Trimming is also essential for maintaining Glossostigma, Riccia, and hair grass over a long period of time. These aquatic plants are relatively short, and the cutting height is very low near the substrate. Therefore it is difficult to cut a large area horizontally with straight-bladed scissors. For trimming this type of plant, I use scissors with curved blades. I use scissors in different sizes and shapes depending on the aquatic plant types and the location of the cuts. If you are new at this, I recommend trying basic style trimming scissors first. You can add curved blade trimming scissors to your collection if you feel the need. This makes a difference in the ease of operation and the finished condition.

If you have your tools ready, let's start trimming aquarium plants! The first trimming of stem plants is done when their stems have grown upward to some extent. Stem plants grow relatively fast. If left unchecked, their terminal buds reach the water surface in short order, and the plants start overhanging along the water surface. I recommend that you trim them sooner since the condition of the lower part of their stems becomes poor once they reach this point. Over the bottom part of the stem plants where light does not reach very well, they eventually lose their leaves, put out roots, and become unsightly. In the Nature Aquarium, Cryptocoryne and other aquatic plants are planted, or driftwood is placed in the mid-ground, to hide this part.

Although it depends on the layout, you should generally trim for the first time along the outline of a compositional material such as driftwood, which can serve as a useful guide for trimming. Normally, multiple shoots develop from a stem in a week or two after trimming. Taking advantage of this nature of stem plants, the second and subsequent trimmings are done at a location that is a little higher than the previous trim position. This encourages the tip of a stem to branch out and the stem and its leaves to grow densely.

When you trim stem plants, it is also important to sculpt the overall shape of the bush. Envisioning the way they grow, you must trim the bush so that the stem plants will grow into a beautiful bush in two to three weeks. One or two shoots start to protrude before all the stems grow out; if this happens, this type of shoot must be cut off immediately.

Various aquatic plants other than stem plants are used in an actual layout. These aquatic plants should be trimmed at the same time to keep their growth in balance. First of all, Glossostigma and Riccia in the foreground need to be thinned down as much as possible, since they grow into a thick mat if not trimmed, and they tend to dominate the layout space. As I explained earlier, I thin this section down using curved trimming scissors.

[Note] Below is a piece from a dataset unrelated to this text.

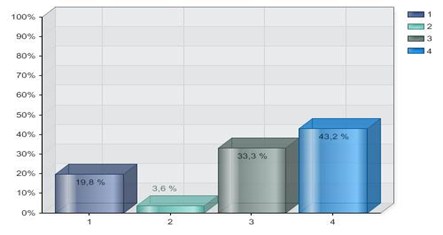 Platschef, arbetsledare eller liknande 19,8 % 22 2 Installationssamordnare 3,6 % 4 3 Konsult - EL-, VVSprojektör, konstruktör; energi- och miljö (t ex projektering, utredare) 33,3 % 37 4 Annat 43,2 %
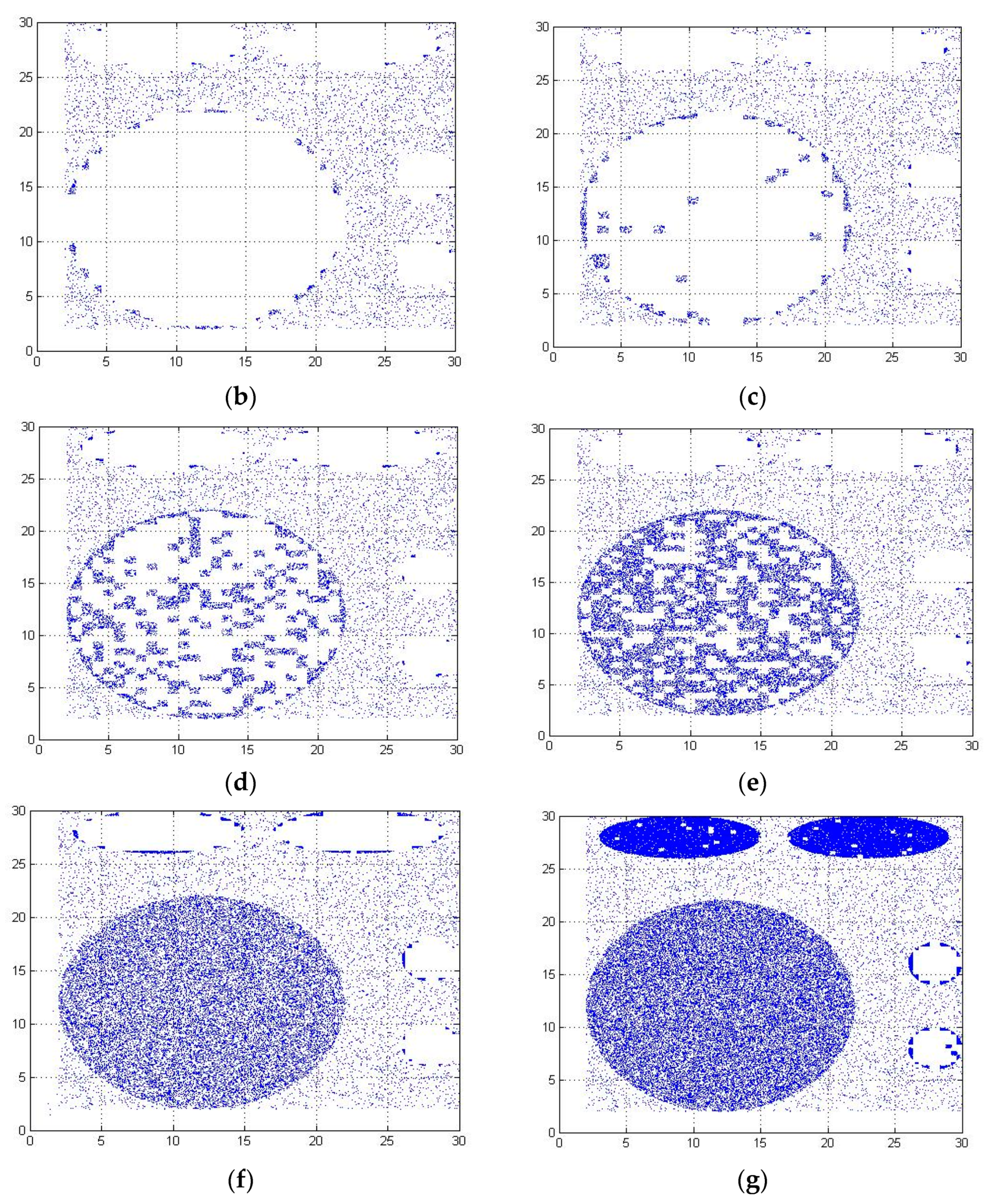 Information 11 00026 g012b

It is also important to trim willow moss that is grown attached to driftwood; if willow moss is allowed to grow unrestricted, it covers the driftwood completely, which makes the driftwood appear too bulky and destroys the overall balance of the layout. You can tear the moss off by hand to a certain extent, and then cut away any protruding part with scissors. If a fern such as Microsorium sp. is grown on driftwood, large leaves should be cut off frequently. By doing so, the size of its leaves gradually becomes smaller and the fern looks more attractive. Any leaves that are starting to touch the glass surface should be cut off since they can create a crowded, claustrophobic feeling.

Among others, the family of hairgrass needs periodic trimming. If hair grass is trimmed down to about 1 cm from the root, new leaves develop quickly and the plant appears attractive again. The leaves of hair grass also become gradually smaller with repeated trimming. Eleocharis vivipara, a family of hair grass, forms plantlets at the tips of its leaves. These plantlets should be removed frequently to maintain a clean look, since the layout looks untidy when too many plantlets appear.

The maintenance of aquatic plants after trimming is important as well. Although stem plants are relatively tolerant of trimming, the lower stems near the root become old and new shoots do not develop easily with repeated trimming. When this happens, I add a fertilizer containing some plant hormone to encourage the development of new shoots. If the stems become overly aged and the base of the plant lifts up from the substrate, I pull out the entire stem plant, trim off the older bottom section, and replant the top younger sections of the stems. You can enjoy stem plants over a long period of time through trimming and rejuvenating in this manner.

For tall-growing stem plants, mid-ground ferns, and low-growing ground cover and mosses, proper trimming and maintenance is essential to the long-term success of a beautiful Nature Aquarium layout.


----------